• **Directions for this task**
Reproduce the complete set of records exactly. No picture is to appear in the copy.

........

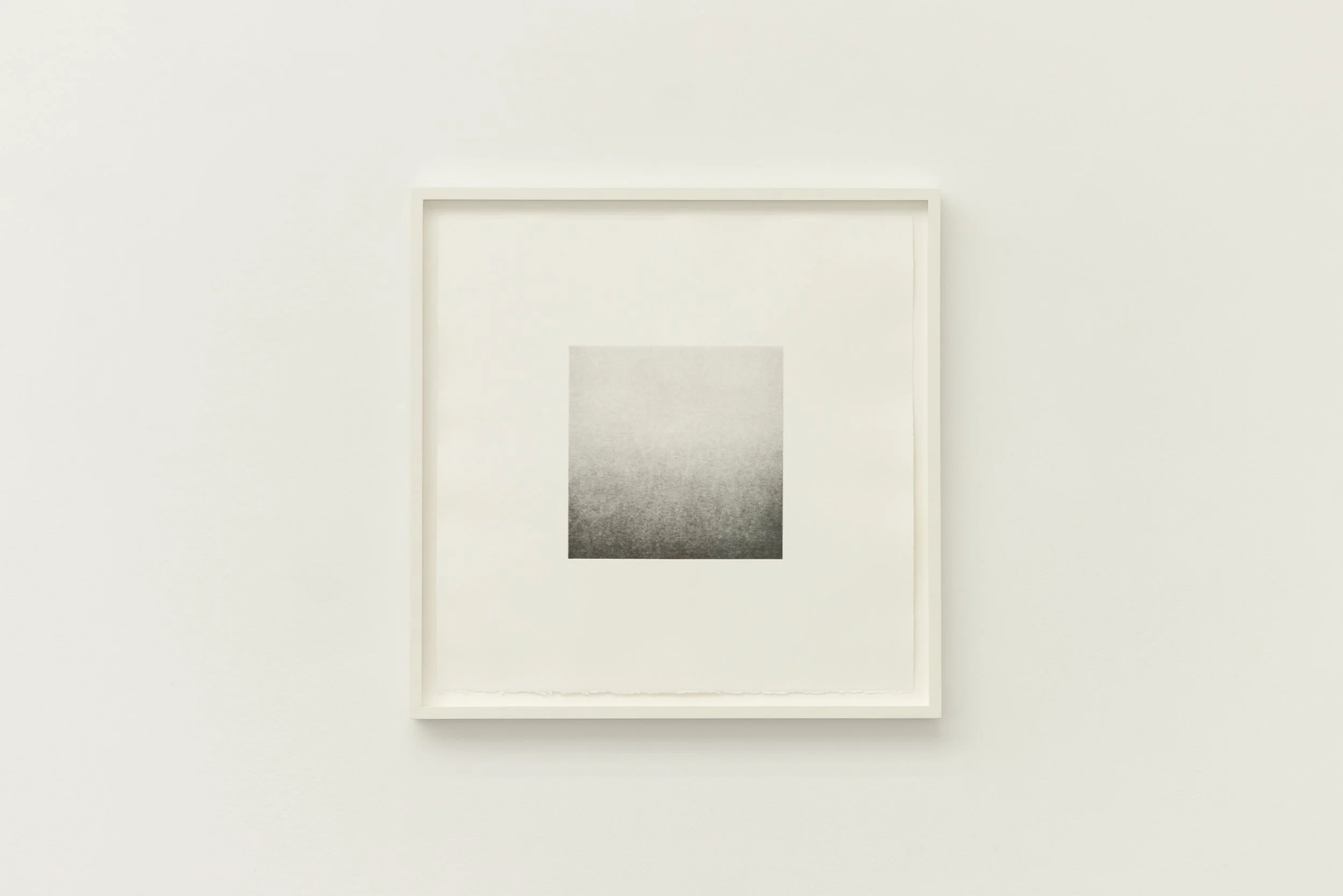 James-Howell_a-quiet-measure-of-light_89_Courtesy-Bigaignon.jpeg
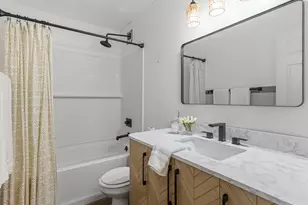 7826 S Cool Water Way W, West Jordan, UT 84081 - Photo 17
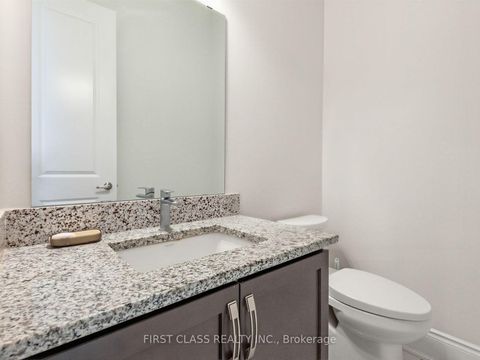 Photo 23 at 16 Macdonald Court, Oak Ridges Lake Wilcox, Richmond Hill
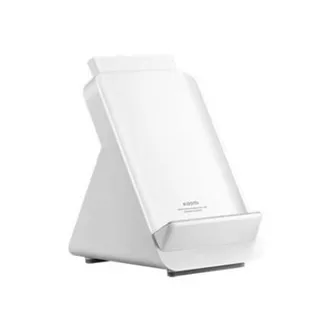 JUHTMEVABA LAADIMISALUS XIAOMI 80W
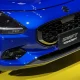 all-new-suzuki-swift-mulai-terlihat-di-indonesia?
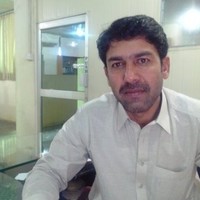 Habib Rehman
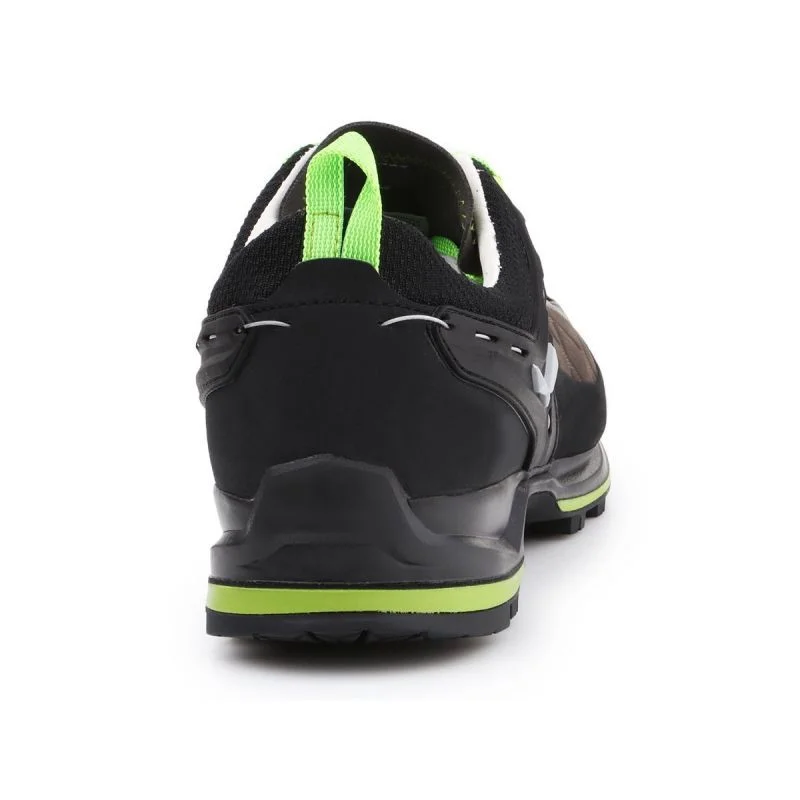 Pánska treková obuv Salewa MS MTN Trainer 2 L M 61357-0471 EU 40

........

• **Result below**
 James-Howell_a-quiet-measure-of-light_89_Courtesy-Bigaignon.jpeg
 7826 S Cool Water Way W, West Jordan, UT 84081 - Photo 17
 Photo 23 at 16 Macdonald Court, Oak Ridges Lake Wilcox, Richmond Hill
 JUHTMEVABA LAADIMISALUS XIAOMI 80W
 all-new-suzuki-swift-mulai-terlihat-di-indonesia?
 Habib Rehman
 Pánska treková obuv Salewa MS MTN Trainer 2 L M 61357-0471 EU 40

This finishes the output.